**** Source data

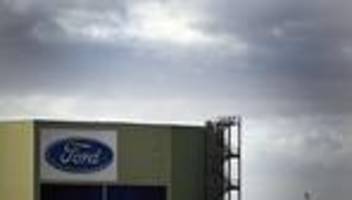 automobilindustrie: ford kündigt abbau von bis zu 1.000 stellen in köln an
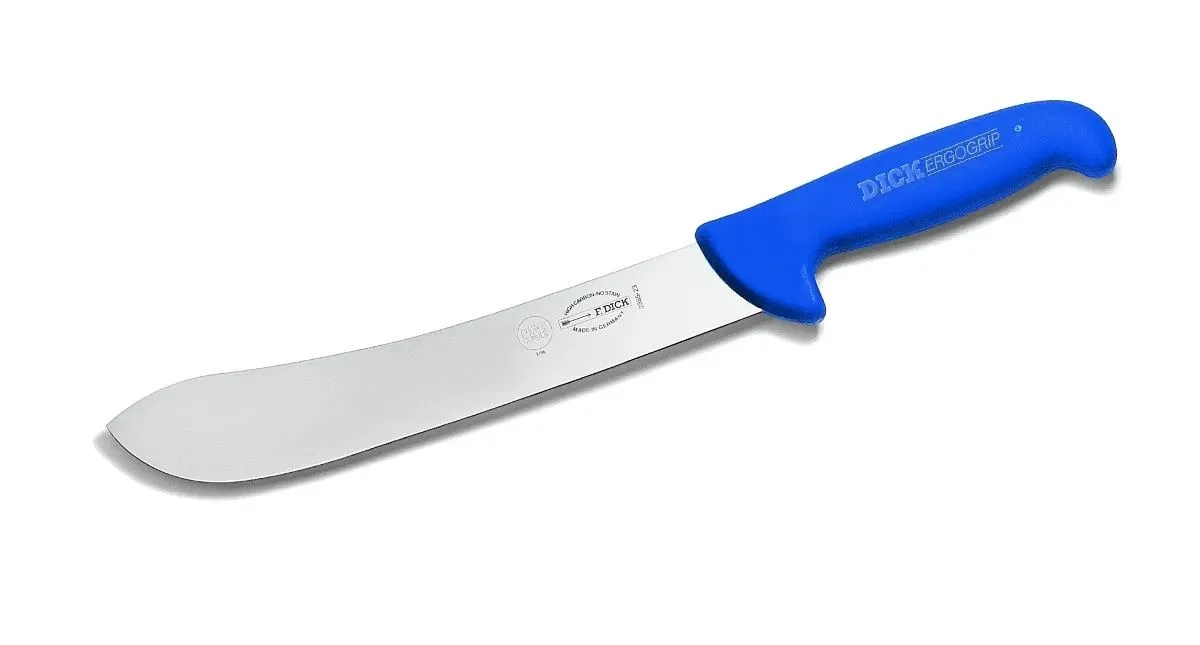 8 2385 26 Et Kesim Bıçağı 26 Cm - Ergo Grip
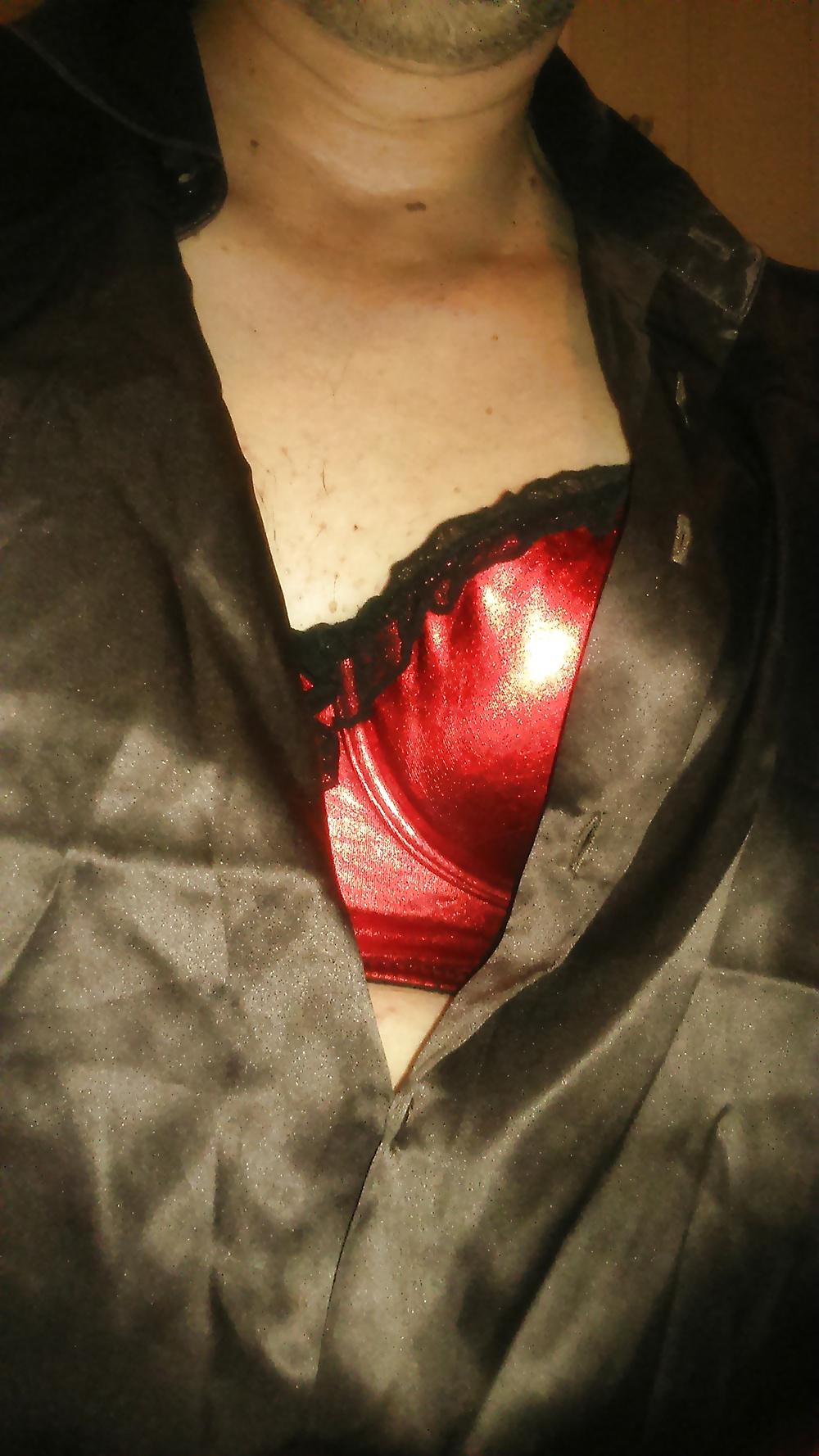 14P Satin !!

********

Work order:
Begin at the line containing "8 2385 26 Et Kesim Bıçağı 26 Cm - Ergo Grip" and stop at the final line of the data. Retype those lines exactly, without the pictures.

Answer to the problem:
 8 2385 26 Et Kesim Bıçağı 26 Cm - Ergo Grip
 14P Satin !!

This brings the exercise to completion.